§ **Saved data entries**
________________________

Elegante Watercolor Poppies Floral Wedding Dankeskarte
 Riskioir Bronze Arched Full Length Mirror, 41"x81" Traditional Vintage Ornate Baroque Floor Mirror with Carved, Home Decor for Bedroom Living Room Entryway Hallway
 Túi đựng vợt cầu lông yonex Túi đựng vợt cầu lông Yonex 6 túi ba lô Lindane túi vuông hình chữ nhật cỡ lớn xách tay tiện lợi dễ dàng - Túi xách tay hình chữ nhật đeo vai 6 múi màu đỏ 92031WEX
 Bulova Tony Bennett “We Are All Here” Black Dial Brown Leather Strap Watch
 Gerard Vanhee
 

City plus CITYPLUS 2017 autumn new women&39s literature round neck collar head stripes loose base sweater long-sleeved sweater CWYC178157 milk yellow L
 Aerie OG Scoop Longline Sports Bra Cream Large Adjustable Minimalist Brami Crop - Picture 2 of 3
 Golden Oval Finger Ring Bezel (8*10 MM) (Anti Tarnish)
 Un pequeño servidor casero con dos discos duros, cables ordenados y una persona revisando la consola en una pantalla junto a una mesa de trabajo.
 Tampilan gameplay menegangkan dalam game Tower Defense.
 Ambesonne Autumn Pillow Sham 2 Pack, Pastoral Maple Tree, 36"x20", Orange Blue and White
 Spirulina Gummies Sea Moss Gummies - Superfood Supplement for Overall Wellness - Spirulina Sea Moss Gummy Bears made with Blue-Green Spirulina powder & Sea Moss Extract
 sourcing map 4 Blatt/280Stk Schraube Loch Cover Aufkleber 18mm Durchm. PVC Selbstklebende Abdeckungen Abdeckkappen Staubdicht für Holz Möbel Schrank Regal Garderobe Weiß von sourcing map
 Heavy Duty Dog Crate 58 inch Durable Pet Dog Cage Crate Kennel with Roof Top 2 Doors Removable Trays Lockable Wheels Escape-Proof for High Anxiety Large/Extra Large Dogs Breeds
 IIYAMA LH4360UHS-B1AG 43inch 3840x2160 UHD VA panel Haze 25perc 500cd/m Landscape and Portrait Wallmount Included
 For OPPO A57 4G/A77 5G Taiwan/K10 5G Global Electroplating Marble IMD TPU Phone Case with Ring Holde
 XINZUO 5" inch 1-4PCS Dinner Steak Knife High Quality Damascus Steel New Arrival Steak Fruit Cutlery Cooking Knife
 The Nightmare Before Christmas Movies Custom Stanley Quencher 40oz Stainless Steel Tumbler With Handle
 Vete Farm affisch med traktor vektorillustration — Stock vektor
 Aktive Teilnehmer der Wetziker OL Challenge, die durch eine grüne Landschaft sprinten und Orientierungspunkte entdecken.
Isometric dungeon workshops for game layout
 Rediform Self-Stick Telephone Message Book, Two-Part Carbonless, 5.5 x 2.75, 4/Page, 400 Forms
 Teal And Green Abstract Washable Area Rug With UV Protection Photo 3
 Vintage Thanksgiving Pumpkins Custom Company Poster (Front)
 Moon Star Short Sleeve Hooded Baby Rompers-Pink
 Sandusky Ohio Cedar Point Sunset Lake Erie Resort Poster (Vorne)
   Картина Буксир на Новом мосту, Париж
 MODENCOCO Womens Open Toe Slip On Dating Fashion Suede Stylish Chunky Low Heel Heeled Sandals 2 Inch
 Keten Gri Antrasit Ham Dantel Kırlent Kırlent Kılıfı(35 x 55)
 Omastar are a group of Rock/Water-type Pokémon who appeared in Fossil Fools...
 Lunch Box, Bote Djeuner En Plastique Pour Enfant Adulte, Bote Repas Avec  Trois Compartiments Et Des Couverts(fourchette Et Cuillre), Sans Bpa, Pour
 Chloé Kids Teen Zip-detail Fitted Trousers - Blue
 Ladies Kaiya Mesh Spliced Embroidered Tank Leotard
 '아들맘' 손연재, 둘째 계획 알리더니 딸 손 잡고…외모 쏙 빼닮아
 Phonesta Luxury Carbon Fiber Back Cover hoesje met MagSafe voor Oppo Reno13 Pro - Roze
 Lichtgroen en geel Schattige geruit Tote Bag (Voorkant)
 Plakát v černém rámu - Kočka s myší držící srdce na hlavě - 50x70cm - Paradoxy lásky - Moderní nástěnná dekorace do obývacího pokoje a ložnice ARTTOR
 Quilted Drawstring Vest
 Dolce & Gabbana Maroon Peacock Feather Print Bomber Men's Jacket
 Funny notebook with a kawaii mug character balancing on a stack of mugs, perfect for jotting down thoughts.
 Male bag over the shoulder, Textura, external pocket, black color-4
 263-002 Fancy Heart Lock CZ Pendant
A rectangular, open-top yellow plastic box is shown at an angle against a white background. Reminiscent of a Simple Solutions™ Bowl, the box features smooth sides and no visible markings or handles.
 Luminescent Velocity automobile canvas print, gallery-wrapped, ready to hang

________________________

Copy the entries above exactly, but only from the line holding "MODENCOCO Womens Open" through the line holding "Ladies Kaiya Mesh", both included.

 MODENCOCO Womens Open Toe Slip On Dating Fashion Suede Stylish Chunky Low Heel Heeled Sandals 2 Inch
 Keten Gri Antrasit Ham Dantel Kırlent Kırlent Kılıfı(35 x 55)
 Omastar are a group of Rock/Water-type Pokémon who appeared in Fossil Fools...
 Lunch Box, Bote Djeuner En Plastique Pour Enfant Adulte, Bote Repas Avec  Trois Compartiments Et Des Couverts(fourchette Et Cuillre), Sans Bpa, Pour
 Chloé Kids Teen Zip-detail Fitted Trousers - Blue
 Ladies Kaiya Mesh Spliced Embroidered Tank Leotard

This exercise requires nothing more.